Not My Dominion, Monkey-boys

Kage Baker was a person of ferociously held convictions. Nor did she change her mind easily or readily. In fact, the best way to force her into a relentless entrenchment was to try to change her mind. The mere fact of opposition set up a defensive stiffening and hardening of her attitude – like emotional Kevlar.

Nonetheless, one could leave out morsels and tidbits of information, and she very likely would come out to taste eventually. Suspicious, glitter-eyed, with avoidance reflexes like a squirrel on caffeine – but when she stopped that levitating and jetting off in the opposite direction behaviour, Kage could be convinced to sample a new fact. And since she was pretty logical, once the reflexive denial wore off, she’d adjust her stance if the new data was convincing.

One of the things she taught me, though, was that not everyone can be convinced to share your viewpoint. Another thing was that most such disagreements can be dealt with in courtesy and peace; but that carried the dark corollary that most people don’t want you to acknowledge their opinion while you disagree: they want you to capitulate and admit defeat. And in those cases, Kage taught me,  never, ever  do that.

Be silent, if you must. Withdraw from the argument, decline to be drawn. Turn – if not the other cheek – at least away. The veracity of your beliefs does not require that they be the loudest, nor the most shared, nor the least tolerant of others. Your own most important beliefs don’t require a single freaking thing except you and your own courage to hold fast.

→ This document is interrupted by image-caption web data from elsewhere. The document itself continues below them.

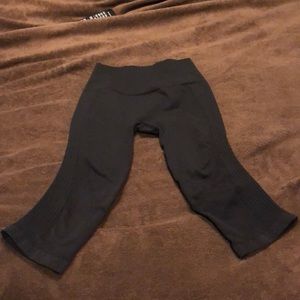 Compression Yoga pants-cropped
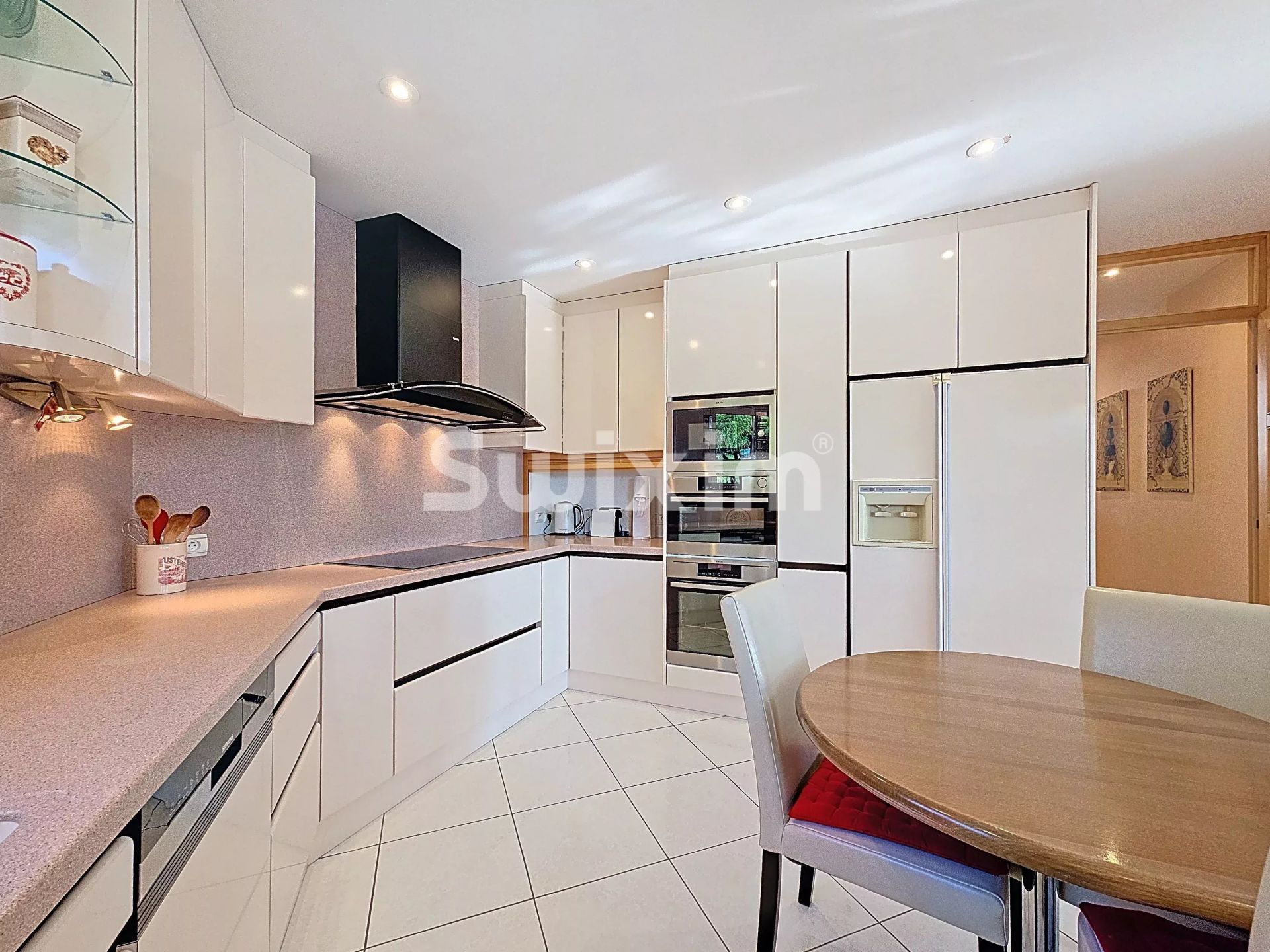 casa 5 Quartos para venda sobre Échenevex (01170)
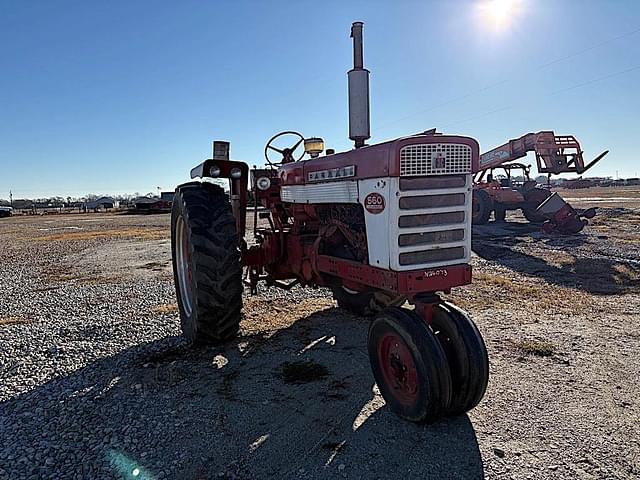 Image of Farmall 560  equipment image 1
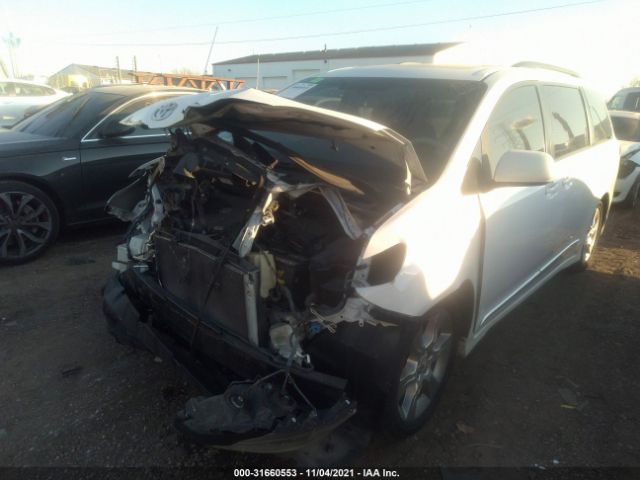 Photo 5 VIN: 5TDXK3DC1CS259368 - TOYOTA SIENNA 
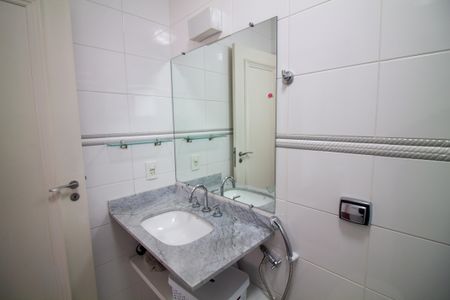 Casa de condomínio à venda com 315m², 5 quartos e 3 vagasBanheiro da Suíte 1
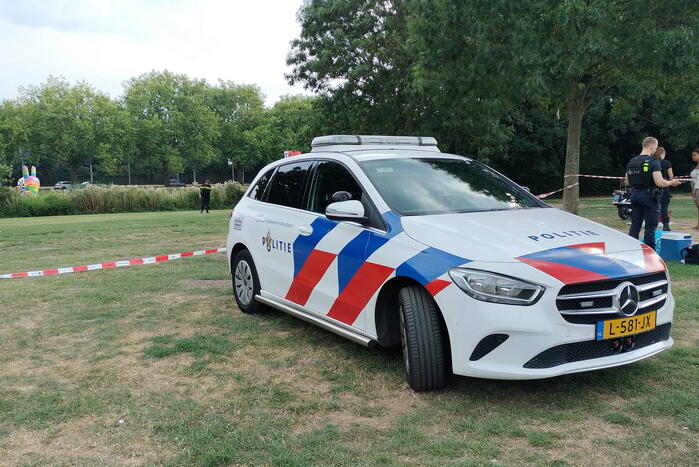 Politie doet onderzoek naar schietpartij in Vroesenpark
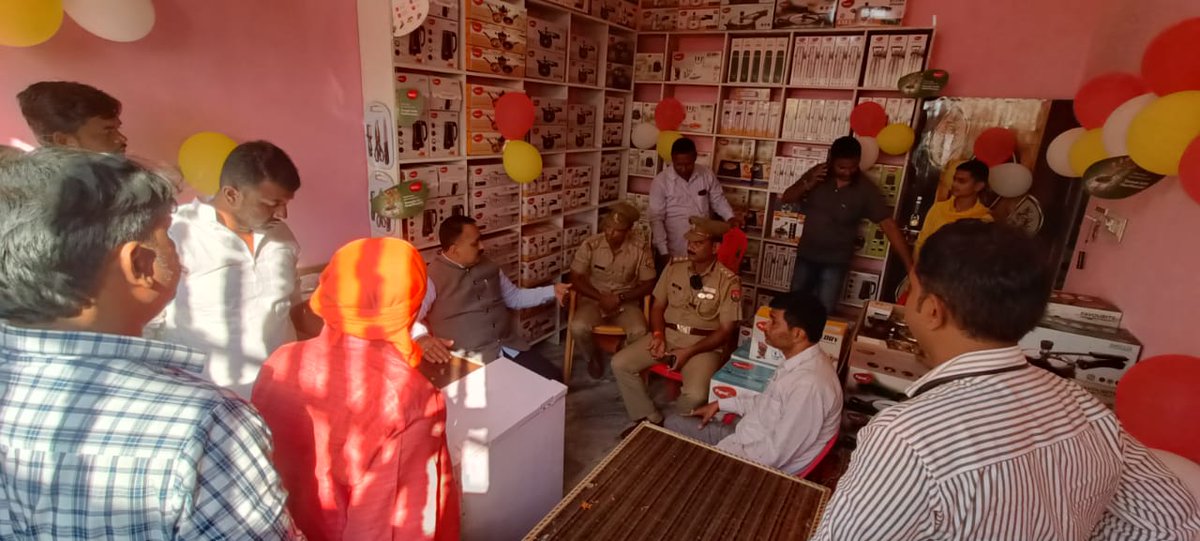 MlaSanjayPratap's tweet photo. मेरी विधानसभा क्षेत्र 309 रूधौली के अन्तर्गत असनहरा चौराहे पर श्री बजरंगी लाल जायसवाल जी के इलेक्ट्रॉनिक उपकरण के दुकान का शुभारंभ कर सफल संचालन हेतु शुभकामनाएं दिया। https://t.co/gcspI9LFVL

I’ve seen her debate various topics at many conventions, bright-eyed and involved and as cheerfully fierce as a cartoon pirate: it was all in good fun. I also remember seeing her withdraw subtly from people who could not contain their anger at being opposed. When one such lady demanded of Kage, partway through a panel, why she was being so quiet, Kage leaned into the microphone and said, “We can’t talk to each other. We don’t speak the same language. I’ll be glad to wait while you yell everything you have to say.”

Kage got applause. The lady fell into fulminating silence. The relieved moderator returned the panel from Buffy the Vampire scripts (which the angry lady had unsuccessfully tried to sell) to the importance of research in alternate history stories … thus reversing the left turn into the Twilight Zone engineered by anger.

My sister Kage was shy. She hated conflict. She was afraid of yellers and angry people. But she showed me how to quietly stand up to them, how to depart the field of battle when you didn’t want to fight but would not surrender. Important lessons.

I am brought to these ruminations by two unrelated, unpleasant experiences last night.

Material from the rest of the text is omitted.